Hi
Am 2025-02-24 12:08, schrieb Nicolas Grekas:
The situation I'm telling about is when one will accept an argument
described as
function (\Uri\WhatWg\Url $url)
If the Url class is final, this signature means only one possible
implementation can ever be passed: the native one. Composition cannot
be
achieve because there's no type to compose.

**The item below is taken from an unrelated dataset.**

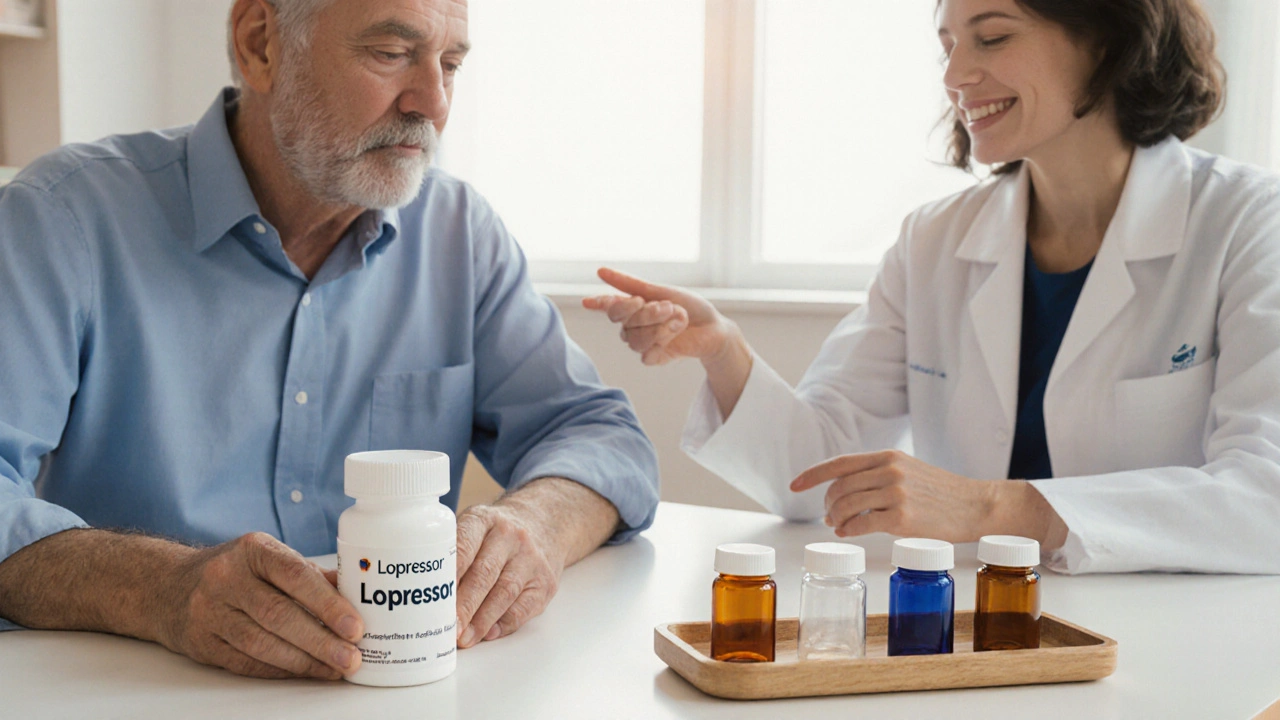 Lopressor (Metoprolol) vs. Common Alternatives - Full Comparison Guide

Yes, that's the point: The behavior and the type are intimately tied
together. The Uri/Url classes are representing values, not services. You
wouldn't extend an int either. For DateTimeImmutable inheritance being
legal causes a ton of needless bugs (especially around serialization
behavior).
Fine-tuning the behavior provided by the RFC is what we might be most
interested in, but we should not forget that we also ship a type. By
making
For a given specification (RFC 3986 / WHATWG) there is exactly one
correct interpretation of a given URL. “Fine-tuning” means that you are
no longer following the specification.
the type non-final, we keep things open enough for userland to build on
it.
This works:
final class HttpUrl {
private readonly \Uri\Rfc3986\Uri $uri;
public function __construct(string $uri) {
$this->uri = new \Uri\Rfc3986\Uri($uri);
if ($this->uri->getScheme() !== 'http') {
throw new ValueError('Scheme must be http');
}
}
public function toRfc3986(): \Uri\Rfc3986\Uri {
return $this->uri;
}
}
Userland can easily build their convenience wrappers around the classes,
they just need to export them to the native classes which will then
guarantee that the result is fully validated and actually a valid
URI/URL. Keep in mind that the ext/uri extension will always be
available, thus users can rely on the native implementation.
By making the classes non-final, there will be one base type to build
upon
for userland.
(the alternative would be to define native UrlInterface, but that'd
increase complexity for little to no gain IMHO - althought that'd solve
my
main concern).
Mate already explained why a native UriInterface was intentionally
removed from the RFC in https://news-web.php.net/php.internals/126425.
The RFC is also missing whether __debugInfo returns raw or non-raw
components. Then, I'm wondering if we need this per-component break for
debugging at all? It might be less confusing (on this encoding aspect)
to
dump basically what __serialize() returns (under another key than __uri
of
course).
That would also work for me.
It can make sense to normalize a hostname, but not the path. My usual
example against normalizing the path is that SAML signs the *encoded*
URI instead of the payload and changing the case in percent-encoded
characters is sufficient to break the signature
I would be careful with this argument: signature validation should be
done
on raw bytes. Requiring an object to preserve byte-level accuracy while
the
very purpose of OOP is to provide abstractions might be conflicting.
The
signing topic can be solved by keeping the raw signed payload around.
Yes, the SAML signature behavior is wrong, but I did not write the SAML
specification. I just pointed out how it a possible use-case where
choosing the raw or normalized form depends on the component and where a
“get all components” function would be dangerous.
Best regards
Tim Düsterhus